The long march through the eight halls of the Messe exhibition centre (it’s best to wear comfortable shoes) takes visitors past duplex stands the size of tennis courts, where global corporations show off the fruit of their research laboratories’ efforts.
In a handful of areas dedicated to Far Eastern suppliers, the scale suddenly diminishes; the narrow aisles and compact stands in these zones are reminiscent of a bazaar or indoor market, combining the prosaic with the exotic: tanneries display full hides ready for cutting into safety shoe uppers; a young woman plays the guqin (an ancient stringed instrument) in front of a display of nitrile gloves.
Though German businesses populate around a third of the 1500-plus exhibition stands, the People’s Republic of China will fill more than 250 in 2013, partly reflecting the fact the Messe owners organise a safety show in China too, giving them plenty of chances to sign up firms eager for a slice of the European market.

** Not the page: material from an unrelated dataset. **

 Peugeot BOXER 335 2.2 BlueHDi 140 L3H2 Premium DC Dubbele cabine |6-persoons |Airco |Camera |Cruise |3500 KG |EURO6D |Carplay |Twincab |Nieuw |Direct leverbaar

UK suppliers will take up around 60 stands, mostly in Hall 6, with some familiar names on show. Look out for Oxfordshire helmet and eyewear specialist JSP at stand G37, respiratory and head protection maker Centurion at G73 and gas monitoring expert Crowcon at J24. Among the well-known multinational manufacturers at the event will be Scott Safety (Hall 6, A51), Dupont (Hall 5, A40), 3M (Hall 6, E39), Pyramex (Hall 3, C91) and Honeywell (Hall 4, D57).
Fashion events run throughout the days in a theatre in Hall 4, where troupes of dancers and models parade everything from safety boots to chemical protection suits with a flair that would not disgrace a Paris show.

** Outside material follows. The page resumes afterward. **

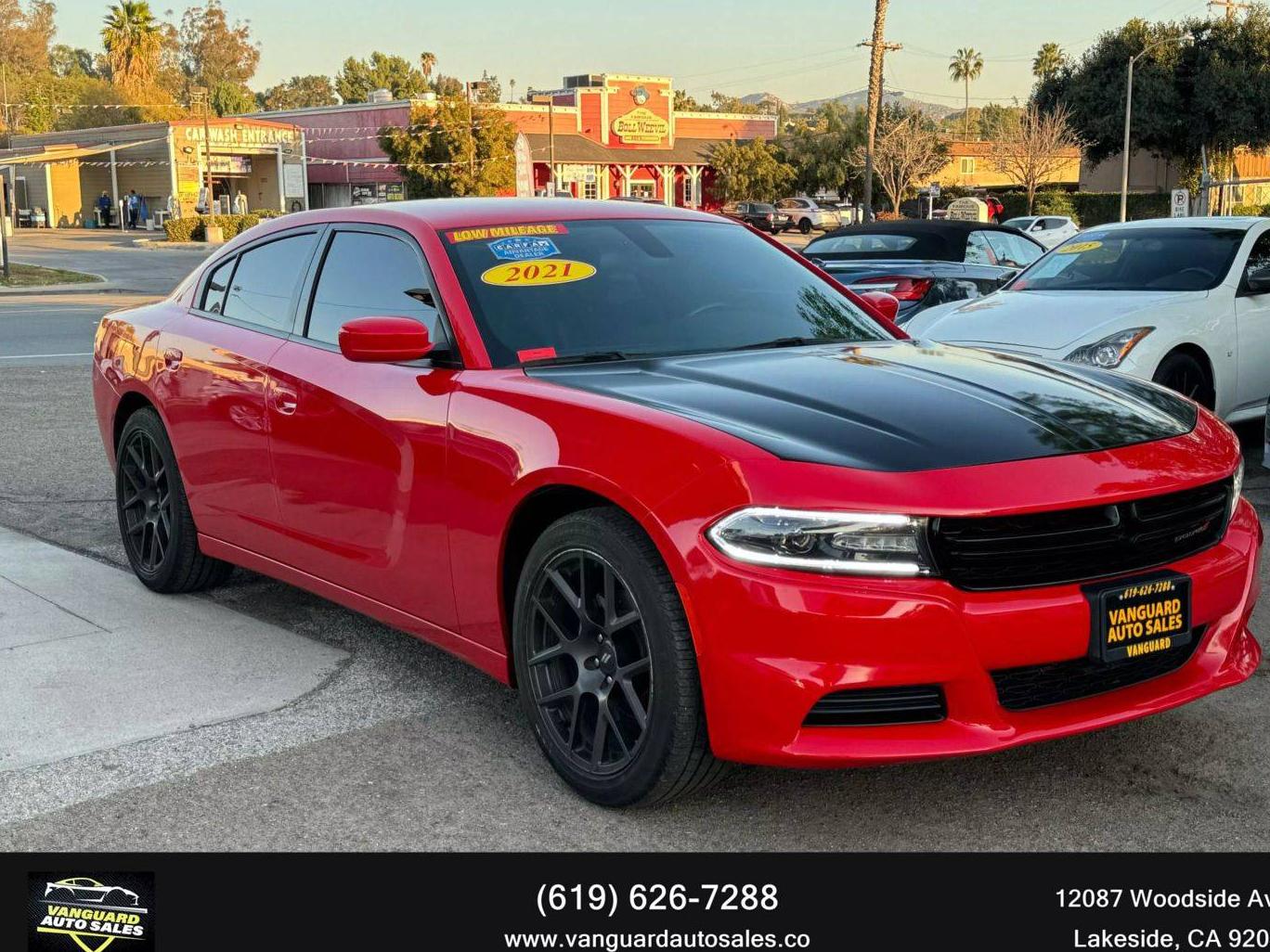 DODGE CHARGER 2021 2C3CDXBG6MH642510 image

There will also be a series of wearable technologies events in Hall 9, showing off prototypes of merged electronics and clothing, such as emergency services uniforms with built in sensors to monitor the wearers’ vital signs and garments with integrated lighting or communications devices.
Hall 10 will feature a special zone dedicated to ergonomic design in offices and factories, focusing on “human/machine interfaces” and preventing musculoskeletal disorders. In Hall 7a there will be exhibitions, lectures and live demos on working with hazardous substances, fire protection and disaster management.

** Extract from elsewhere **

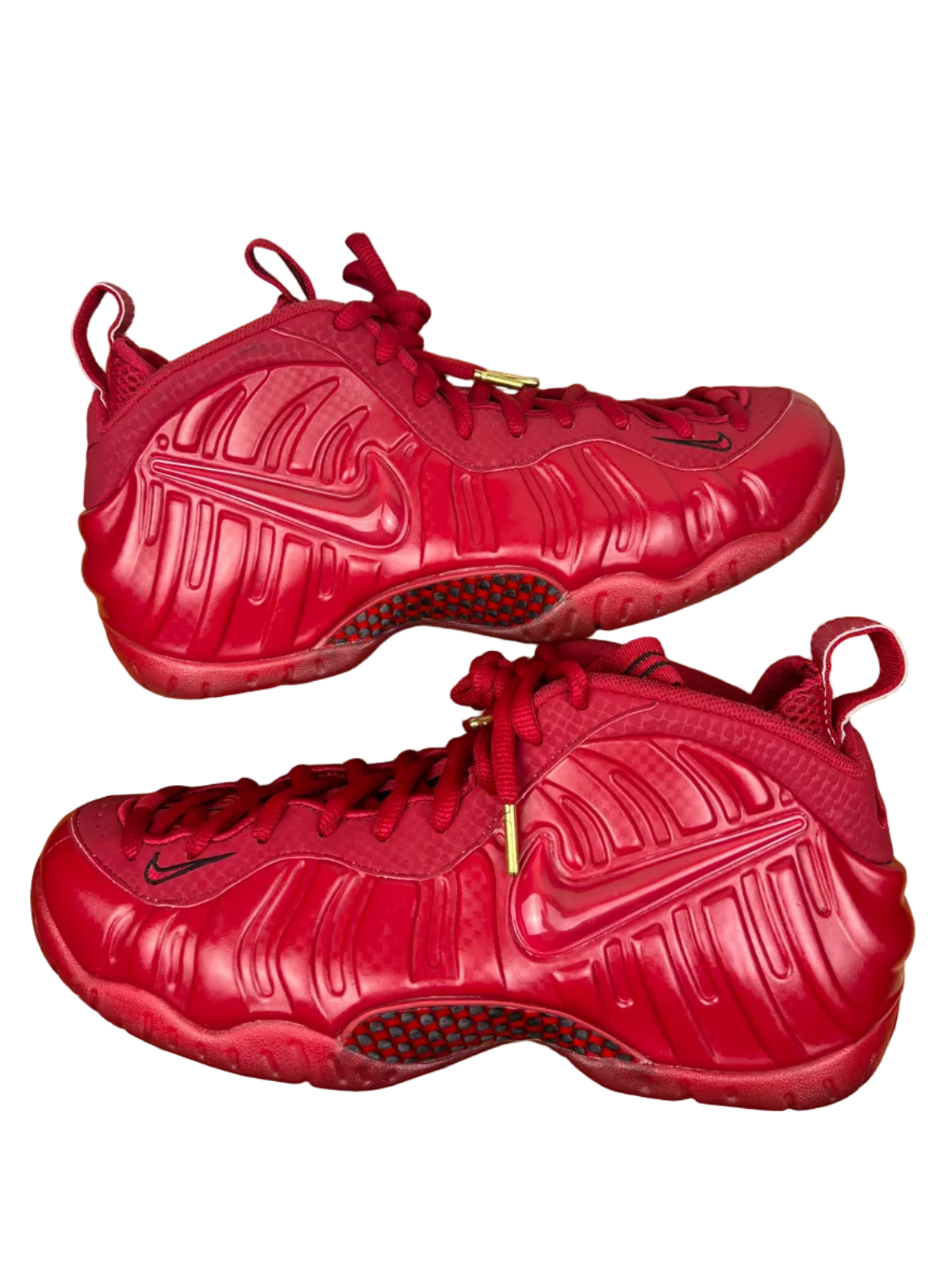 Nike Air Foamposite Pro 2015 'Red October' Size 10 Pre-Owned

Trade fair organisers know their potential visitors’ jobs involve more than just procurement and are keen to offer educational seminars alongside the commercial offerings as an added draw. A+A is no exception and this year’s show features a congress programme on 6, 7 and 8 November, in meeting space beside Hall 3, coordinated by the German Federal Association for Occupational Safety and Health and incorporating sessions organised by the International Labour Organisation (ILO).
The conference is headed Make it visible: occupational diseases — recognition, compensation and prevention. The ILO says a multidisciplinary effort involving government, employers and workers is needed to end the “invisibility” of occupational ill health.
Sessions will be held in German or English and will mix examination of national and international policy with workplace level case studies.
The English seminars on the first day include a review of the ILO and World Health Organisation’s global programme to end silicosis and asbestos related disease, plus an unspecified country’s case study on preventing asbestosis and mesothelioma.
Other sessions will focus on emerging occupational diseases, preventing musculoskeletal disorders and controlling stress and psychosocial problems.
One presentation on the second day promises to be a study of a new legal requirement to risk assess psychosocial factors in another unnamed EU state. Most of the conference’s remaining English seminars on the Thursday concentrate on legal frameworks, inspection and enforcement across the EU.
There are also two sector specific conference seminars, on safety in transport on6 November and in construction on 8 November, outside the main conference, organised by the International Safety and Health Construction Coordinators Organisation
ISHCCO president Richard Habgood is speaking on changes to the Construction (Design and Management) Regulations at this year’s International Institute of Risk and Safety Management conference in association with Health and Safety at Work (see page 18).
A+A 2013 is open from 9am to 6pm at the Messe, Düsseldorf. Day tickets cost €20 in advance and the congress day tickets are €120.
Planes fly direct from most major UK airports and there is a regular bus service between Düsseldorf airport and the Messe.
Travellers who want to avoid leaving the ground can travel by train, changing in London, Brussels and Cologne.